Like most things Howard did, there was not a lot of science involved. ‘Teasy’ as he called me, ‘It doesn’t really matter. We cut the cloth to fit, and every time I sign a building for five grand, I add $15k to the valuation. That’s got to be good business.’ On this at least he was right. Businesses then sold at a multiple of three times the base management fee. Many still do.
The only science Howard applied in setting this fee was that the ‘punters had to cop it when buying off the plan’. He meant that buyers of off-the-plan apartments, who were many then, had to accept the forecast body corporate levies as fair. His new fee matched that expectation.
Despite his crude methods, as an unintentional exercise in value pricing, Howard’s fee wasn’t a bad guess. In those days base management fees ran at about 50% of total revenue. They still do. Apply CPI for the last 40 years to $240, twice Howards proclaimed base management fee of $120, and today’s equivalent value is $851.63. I don’t know a strata manager that wouldn’t mind revenue of that fee per lot. The last Macquarie Bank benchmark had average revenue per lot in 2022 at $453. If you assume CPI remains constant for the next five years, $240 in 1985 becomes $1,000 in 2031. Wouldn’t that be nice.
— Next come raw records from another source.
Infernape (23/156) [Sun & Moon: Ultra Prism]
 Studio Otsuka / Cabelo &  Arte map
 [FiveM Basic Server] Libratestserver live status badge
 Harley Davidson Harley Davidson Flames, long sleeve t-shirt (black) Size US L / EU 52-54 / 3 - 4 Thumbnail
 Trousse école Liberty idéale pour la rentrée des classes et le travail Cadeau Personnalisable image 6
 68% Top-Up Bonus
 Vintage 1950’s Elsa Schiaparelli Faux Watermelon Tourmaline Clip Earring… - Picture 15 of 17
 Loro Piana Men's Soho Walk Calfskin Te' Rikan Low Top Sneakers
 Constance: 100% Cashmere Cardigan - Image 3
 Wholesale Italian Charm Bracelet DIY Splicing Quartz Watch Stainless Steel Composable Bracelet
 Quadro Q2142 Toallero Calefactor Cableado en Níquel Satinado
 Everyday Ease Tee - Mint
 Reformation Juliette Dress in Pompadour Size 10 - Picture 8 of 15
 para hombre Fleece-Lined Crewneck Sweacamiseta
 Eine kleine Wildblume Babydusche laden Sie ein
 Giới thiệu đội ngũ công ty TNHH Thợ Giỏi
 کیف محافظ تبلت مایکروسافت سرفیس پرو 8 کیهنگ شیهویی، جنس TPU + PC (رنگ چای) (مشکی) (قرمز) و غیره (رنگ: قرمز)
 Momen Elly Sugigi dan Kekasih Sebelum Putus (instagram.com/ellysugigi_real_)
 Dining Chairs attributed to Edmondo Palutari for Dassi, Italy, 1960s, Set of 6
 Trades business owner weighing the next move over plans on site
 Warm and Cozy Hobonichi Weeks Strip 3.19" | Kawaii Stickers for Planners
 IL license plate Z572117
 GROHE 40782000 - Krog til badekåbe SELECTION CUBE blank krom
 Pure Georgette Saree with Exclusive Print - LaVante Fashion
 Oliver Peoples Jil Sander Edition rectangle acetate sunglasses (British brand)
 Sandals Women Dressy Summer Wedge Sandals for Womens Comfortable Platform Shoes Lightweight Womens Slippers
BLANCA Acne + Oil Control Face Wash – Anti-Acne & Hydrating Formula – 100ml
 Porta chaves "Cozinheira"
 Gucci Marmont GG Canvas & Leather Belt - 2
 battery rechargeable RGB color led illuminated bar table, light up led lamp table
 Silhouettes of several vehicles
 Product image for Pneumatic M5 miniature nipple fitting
This jaunt down memory lane begs the question, why didn’t we stay on Howard’s course? Instead, we split into two and went different ways. The first group we can call the ‘passive aggressives’. They chose the easy path and accepted less than they deserved. They relied on higher insurance premiums for any small gains. Then, they expressed anger about clients not recognising their worth.
The other group we will call the ‘aggressive passives’. They took a different path, aggressively pursuing passive income by clipping the ticket of other providers.
Both ways are failing.
So, what does it take to get back to Howard’s way, value pricing? Here are three suggestions to get the conversation started.
- Some of Howard’s selling techniques would be a good start. He was the best I’ve ever seen. He sold outcomes, not tasks. The hole, not the drill.
- He was a salesman, not a manager and he played to his strengths. We shouldn’t expect managers to be something they are not. Managers should manage, and salespeople should sell.
- Develop some bravado. Howard had the front of a Myers store. He was confident, sometimes too confident (oh well), but he brought home the bacon. Fortune favours the brave.
It took us 40 years to get to this sorry state. Educating owners, more laws, artificial intelligence, these are nothing if we can’t sell. Let's call this the bottom, and see if we can get back to $1,000 by 2030. Howard’s way.